Suddenly the other girl laughed.
‘Don’t look so determined to be polite, Katie,’ she said. ‘I suppose you think you have to be because Tass and I are in charge now. Well, you don’t have to be polite, and you don’t have to try. Me? I just speak my mind, specially to freaks like Andrew …’
‘Freak!’ Katie protested.
‘Any child of ten who’s read about this part of Australia is a freak. Nobody knows it except us. That is Rydes and Malins and the surveyors and prospectors out east. Gideon Dent’s the only person ever been this way except those of us here now.’
‘He wrote a diary. My father had it,’ Andrew said, as if the matter was not of much importance ‒ just something to be taken for granted.
Jill had taken Nipper’s bridle from Taciturn while the rock man tightened the horse’s girths and tested the ropes tying on the pack-bags to the saddle.
She looked round the horse’s nose to speculate on this impossible ten-year-old prodigy.
‘Oh, he did, did he? You mean Gideon Dent?’
‘Yes,’ Andrew went on mildly. ‘My father sent it back to him just before he died.

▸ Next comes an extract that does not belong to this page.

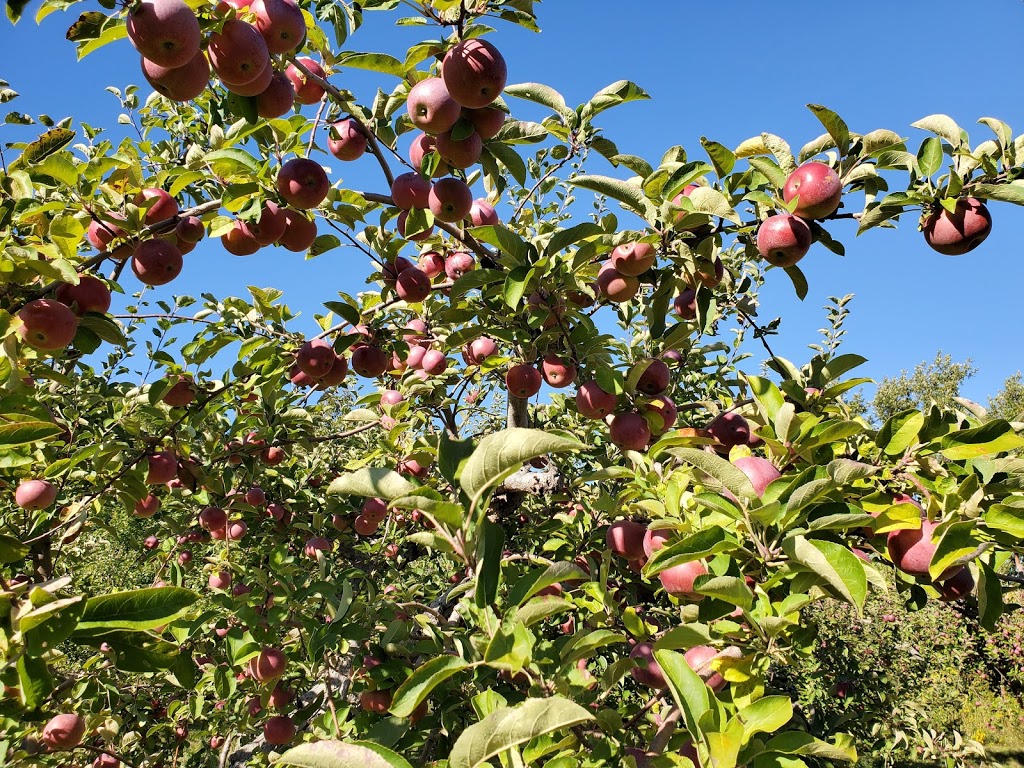 Applevale Orchards | 5144 Derry Rd, Burlington, ON L7M 0R6, Canada | Phone: (647) 988-1753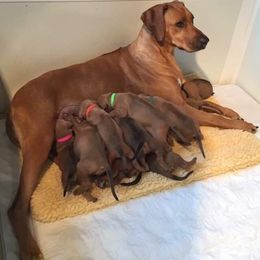 Rhodesian Ridgeback Puppies from Lyonnese Rhodesian Ridgebacks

My father died, I mean. I’d like to see it again.’
‘In which case you’ll be lucky,’ Jill said. ‘Nobody round here ever sees him. He’s a myth ‒ almost.’
‘We will,’ Katie put in quickly. ‘He’s our cousin. That is why we’ve come.’
‘Good luck to you,’ Jill said with a laugh. ‘Flesh and blood is closer than good neighbours, I suppose. He just might emerge for you … if legends come to life again.’
Katie’s heart beat painfully. It must be the climb ‒ surely.
Jill changed the tone of her voice.
‘I’m sorry if I sound snipperty,’ she said. ‘We get so tired of messages for Gideon Dent ‒ and inquiries for Gideon Dent ‒ from prospectors going through. To us he’s the man-that-never-was but as messages do come and go I suppose he must be somewhere out in the wilds. Anyhow Bern would never have brought you out here if he hadn’t been able to find him ‒ Bern knows everyone who’s ever been this way for two hundred miles around.’